DANIEL T. WHITTEN                         GRAVESTONE PHOTO                      

 

Biographical Sketch

  Daniel T. Whitten was born March 2, 1847, in Jennings county, Indiana and died in Independence, Kansas on January 27, 1928.  His mother died when he was but five weeks old, while his father was buried the day he was one year old.  Two sisters and a brother died in infancy.
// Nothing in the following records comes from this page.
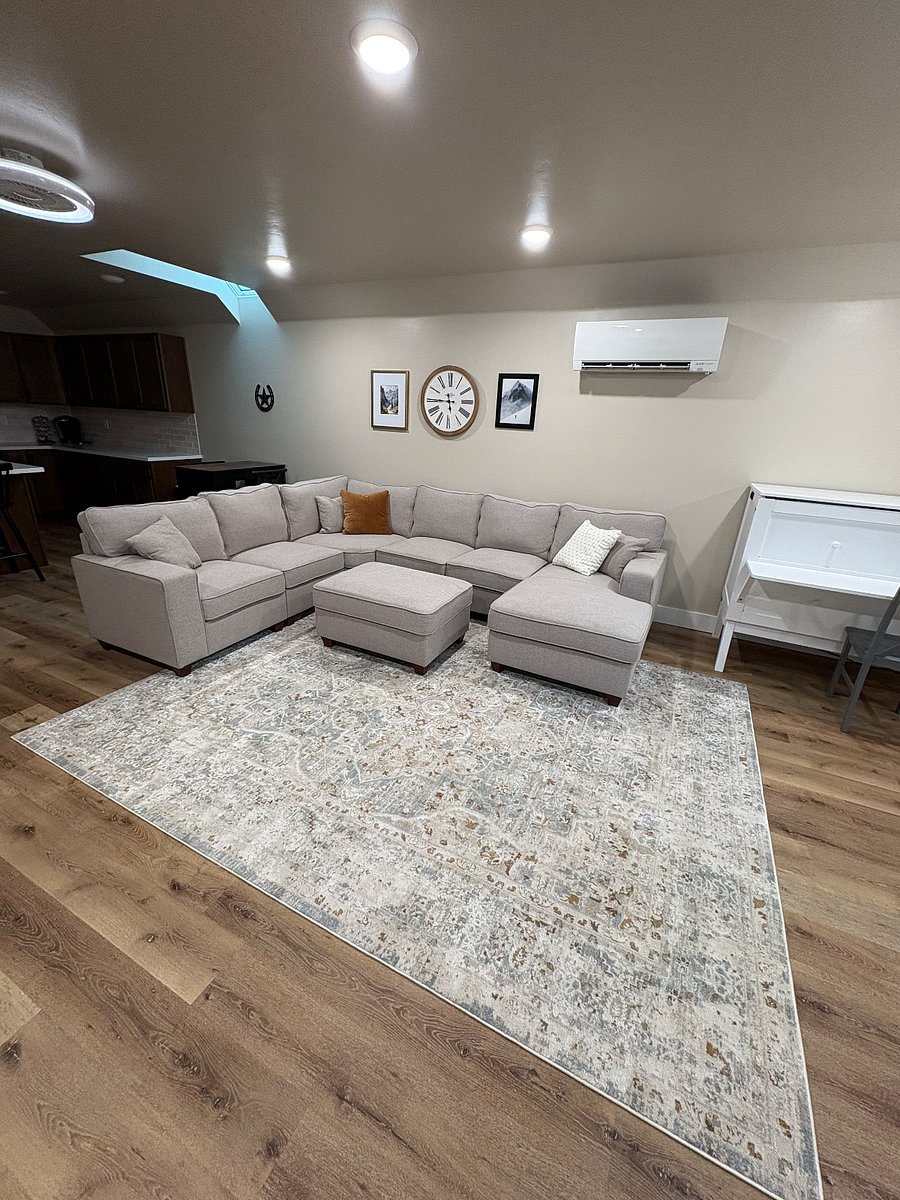 Furnished Finder property 811938_1 photo 15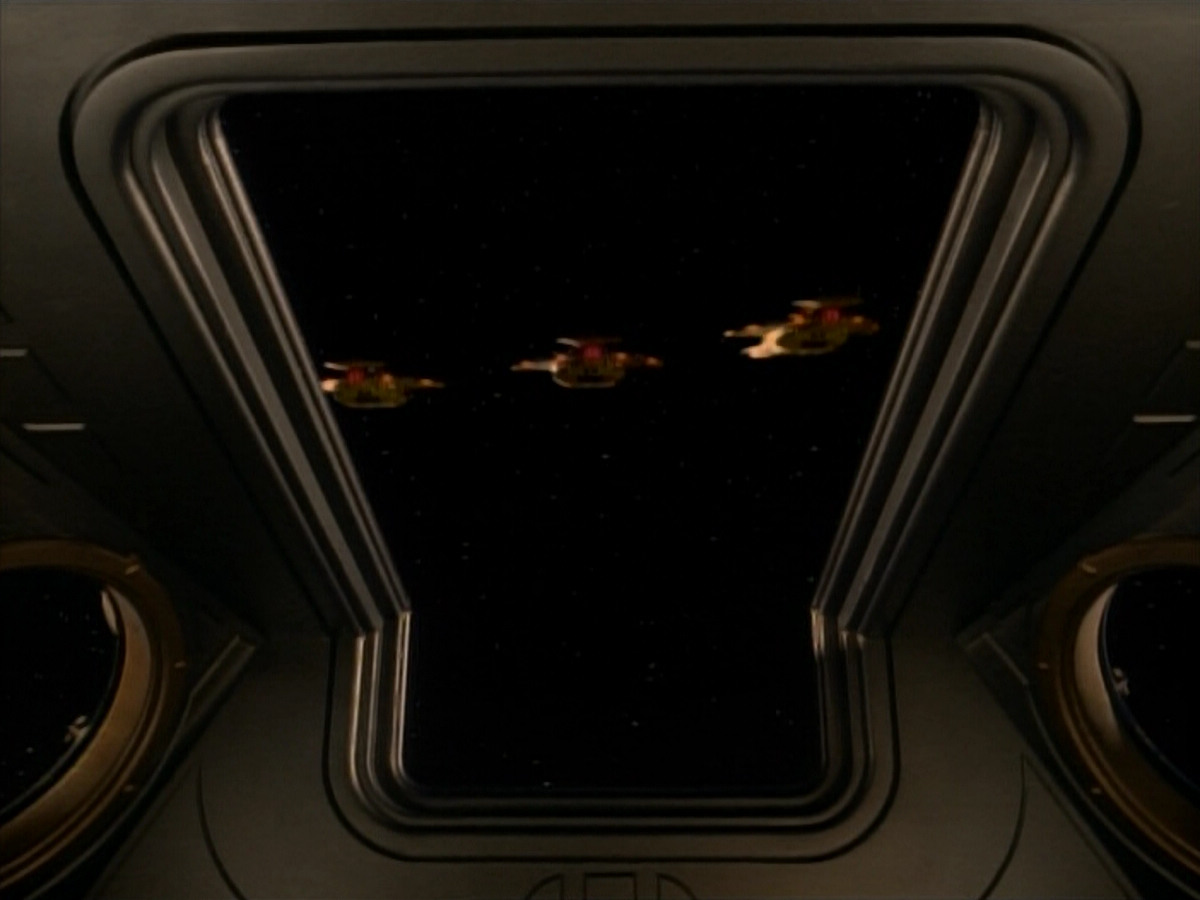 extant_StarTrek_DS9_3x22-Explorers_03609.jpg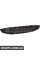 BF0112360030 Bapmic Передні грати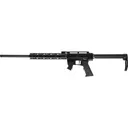ARMSCOR TM22 .22LR 18in 10rd Semi-Auto Rifle (TM22-A-18) - Rock Island Armory
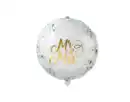 Bild 1 von Folienballon
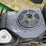 john-deere-stx30-image-12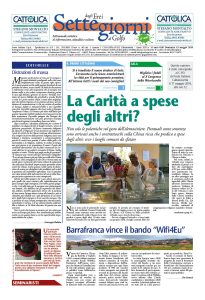 pag 1 - 19 maggio 2019WEB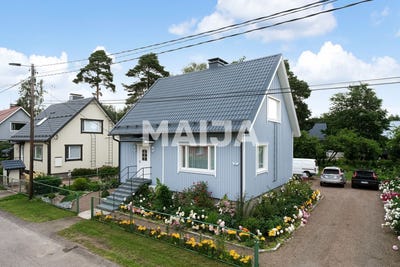 /international/fi/kiuruntie-41-kotka-kymenlaakso-310100957772/?lang=en
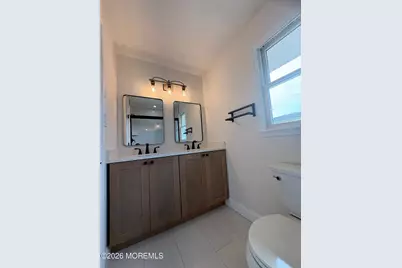 91 Clay Circle, Brick, NJ 08724 - Photo 18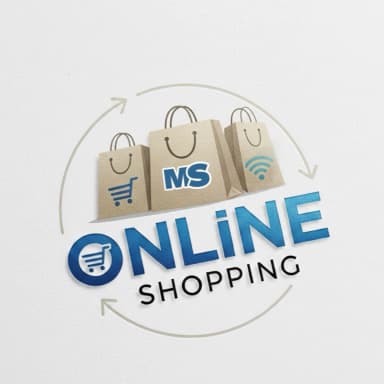 MS Online Shopping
  At the age of sixteen, Mr. Whitten enlisted in the Union army, in Company H, 120th Indiana Infantry, and served until the close of the Civil war.  On October 11, 1870, he married Miss Mary E. Adams, and immediately thereafter, came to Kansas, residing near Fort Scott for a short time, and later moving to Sedalia, Mo.  They returned to Indiana in 1874, and lived near Elizabethtown in that state until February 1885, when the family again came to Kansas and located in Montgomery county, where Mr. and Mrs. Whitten remained there until his death.

  Mr. Whitten first settled in Rutland township, but later moved to the Morgantown neighborhood, in West Cherry.  He then removed to Sycamore township, where he followed his occupation of farming from 1895 to 1919, when failing health necessitated his retirement, and when he moved to Independence.

  The deceased was a member of the local McPherson post of the Grand Army of the Republic since 1885.  Prior to that time, he was a member of the James Moffat post of the G. A. R. at Elizabethtown, Ind.

  Mr. Whitten was survived by his widow, Mary E. Whitten, and three daughters, Mrs. E. C. Chamberlain, Pomona, Mo.; Mrs. J. E. Ferrell, Weiser, Ida.; and Mrs. H. H. Greenlee of this city.  Two daughters and a son of the deceased died in infancy.  Fourteen grandchildren and seven great grandchildren also survived at the time of his death.